Valuation requirements. The NYSE requires companies that list on the exchange to have publicly-held shares valued at either $40 million or $100 million, depending on the type of listing. Companies wanting to take advantage of the new rules also will have to meet specified valuation requirements.
In the absence of any recent trading in a private placement market, the NYSE will determine that a company has met its market value of publicly-held shares requirement if the company provides a recent valuation evidencing a market value of publicly-held shares of at least $250 million. The rule change accommodates companies that are large enough to be suitable for listing on the exchange, but either do not have their securities traded on a private placement market or have a limited private placement market that does not provide a reasonable basis for reaching a valuation.

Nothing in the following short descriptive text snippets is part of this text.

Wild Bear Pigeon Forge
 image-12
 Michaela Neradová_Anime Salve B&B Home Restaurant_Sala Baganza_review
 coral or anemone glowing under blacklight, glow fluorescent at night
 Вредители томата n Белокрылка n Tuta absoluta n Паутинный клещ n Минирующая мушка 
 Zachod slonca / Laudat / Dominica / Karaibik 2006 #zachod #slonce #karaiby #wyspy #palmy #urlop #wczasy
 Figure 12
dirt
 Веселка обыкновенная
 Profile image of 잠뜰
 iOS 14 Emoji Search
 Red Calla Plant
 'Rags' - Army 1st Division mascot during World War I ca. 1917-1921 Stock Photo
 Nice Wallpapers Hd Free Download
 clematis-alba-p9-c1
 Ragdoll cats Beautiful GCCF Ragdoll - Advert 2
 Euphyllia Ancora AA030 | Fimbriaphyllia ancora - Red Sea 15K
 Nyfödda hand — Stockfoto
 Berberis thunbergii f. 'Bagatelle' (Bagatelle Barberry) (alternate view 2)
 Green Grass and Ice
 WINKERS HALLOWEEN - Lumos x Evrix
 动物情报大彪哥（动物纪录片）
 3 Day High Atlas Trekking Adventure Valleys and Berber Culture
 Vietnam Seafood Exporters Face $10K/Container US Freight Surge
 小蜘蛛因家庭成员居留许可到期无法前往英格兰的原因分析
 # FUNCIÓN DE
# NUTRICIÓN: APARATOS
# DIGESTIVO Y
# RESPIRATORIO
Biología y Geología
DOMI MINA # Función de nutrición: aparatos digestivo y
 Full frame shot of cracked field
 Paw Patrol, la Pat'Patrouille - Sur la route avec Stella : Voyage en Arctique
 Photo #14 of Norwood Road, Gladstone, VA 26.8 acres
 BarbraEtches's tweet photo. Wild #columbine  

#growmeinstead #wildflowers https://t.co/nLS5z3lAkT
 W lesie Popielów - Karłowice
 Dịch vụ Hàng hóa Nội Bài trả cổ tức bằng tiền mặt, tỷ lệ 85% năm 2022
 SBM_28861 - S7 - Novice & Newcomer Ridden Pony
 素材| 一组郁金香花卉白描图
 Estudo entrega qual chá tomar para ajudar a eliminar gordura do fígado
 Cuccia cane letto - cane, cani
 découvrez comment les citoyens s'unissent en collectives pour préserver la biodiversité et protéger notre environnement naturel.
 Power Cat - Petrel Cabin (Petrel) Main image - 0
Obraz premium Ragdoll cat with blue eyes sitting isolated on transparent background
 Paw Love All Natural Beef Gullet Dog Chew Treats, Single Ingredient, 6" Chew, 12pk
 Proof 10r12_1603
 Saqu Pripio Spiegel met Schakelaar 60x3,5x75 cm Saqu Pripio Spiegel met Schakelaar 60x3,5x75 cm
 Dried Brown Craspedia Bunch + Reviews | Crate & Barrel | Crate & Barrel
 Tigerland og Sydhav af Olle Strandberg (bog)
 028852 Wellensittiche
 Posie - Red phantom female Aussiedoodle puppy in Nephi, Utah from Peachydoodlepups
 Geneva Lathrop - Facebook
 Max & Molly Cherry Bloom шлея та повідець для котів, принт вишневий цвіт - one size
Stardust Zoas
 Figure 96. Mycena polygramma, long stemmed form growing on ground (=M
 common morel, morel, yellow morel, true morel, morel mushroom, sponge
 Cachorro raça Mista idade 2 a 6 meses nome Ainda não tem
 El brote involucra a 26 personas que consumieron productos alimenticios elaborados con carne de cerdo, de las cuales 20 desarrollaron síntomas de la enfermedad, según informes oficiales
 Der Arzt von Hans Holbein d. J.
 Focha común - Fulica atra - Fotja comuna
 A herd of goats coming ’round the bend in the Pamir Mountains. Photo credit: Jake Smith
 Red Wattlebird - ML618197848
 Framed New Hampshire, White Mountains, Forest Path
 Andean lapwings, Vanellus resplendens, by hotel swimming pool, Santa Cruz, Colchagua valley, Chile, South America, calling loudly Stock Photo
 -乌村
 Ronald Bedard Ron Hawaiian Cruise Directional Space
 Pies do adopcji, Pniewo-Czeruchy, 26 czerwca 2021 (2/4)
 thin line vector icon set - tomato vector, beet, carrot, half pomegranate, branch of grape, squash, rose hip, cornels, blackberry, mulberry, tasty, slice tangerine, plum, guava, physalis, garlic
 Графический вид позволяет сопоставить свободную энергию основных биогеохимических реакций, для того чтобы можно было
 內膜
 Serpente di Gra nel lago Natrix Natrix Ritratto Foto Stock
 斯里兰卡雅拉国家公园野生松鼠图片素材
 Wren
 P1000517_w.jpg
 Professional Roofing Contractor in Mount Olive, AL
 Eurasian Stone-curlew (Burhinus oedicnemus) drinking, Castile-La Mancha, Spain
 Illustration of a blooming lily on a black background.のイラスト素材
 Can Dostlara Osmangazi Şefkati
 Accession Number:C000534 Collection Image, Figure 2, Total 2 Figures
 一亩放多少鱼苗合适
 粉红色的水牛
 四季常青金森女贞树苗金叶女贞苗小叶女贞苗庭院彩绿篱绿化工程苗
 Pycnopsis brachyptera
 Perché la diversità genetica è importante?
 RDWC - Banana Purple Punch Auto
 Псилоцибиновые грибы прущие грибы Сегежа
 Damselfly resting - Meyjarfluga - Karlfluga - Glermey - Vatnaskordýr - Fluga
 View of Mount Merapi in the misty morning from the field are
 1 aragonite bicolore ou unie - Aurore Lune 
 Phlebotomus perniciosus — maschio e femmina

The SEC agreed with the NYSE’s conclusion that adopting a valuation requirement that is at least two-and-a-half times the existing $100 million requirement will provide a degree of comfort that the market value of the company’s shares will meet the NYSE’s standards. The SEC noted that the valuation must be provided by an entity that has significant experience in providing such valuations.
Independence of valuation agent. The rule change establishes certain criteria that precludes a valuation agent from being considered “independent.” An agent will not be deemed to be independent if: (1) at the time it provides the valuation, the valuation agent or any affiliated person beneficially owns more than 5 percent of the class of securities to be listed, including any right to receive any such securities exercisable within 60 days; (2) the valuation agent or any affiliated entity has provided any investment banking services to the listing applicant within the 12 months preceding the date of the valuation; or (3) the valuation agent or any affiliated entity has been engaged to provide investment banking services to the listing applicant in connection with the proposed listing or any related financings or other related transactions.
The rule change also addresses how a designated market maker should establish the reference price in connection with the opening on the first day of a trading of the shares of a company taking advantage of the rule change. If the shares have a sustained trading history on a private placement market, the price will be the most recent transaction in that market. If not, the designated market maker will have to consult with a financial adviser to the issuer.
Regulatory halt. Finally, the rule change permits the NYSE to declare a regulatory halt in certain securities that are the subject of an initial pricing on the exchange and have not been listed on an exchange or quoted in an over-the-counter quotation medium immediately prior thereto. The regulatory halt is for the limited purpose of precluding other markets from trading a security until the NYSE has completed the initial pricing process. The SEC believes this proposed change will facilitate the initial opening by the designated market maker of certain securities not listed in connection with an underwritten IPO, and thereby promote fair and orderly markets and the protection of investors.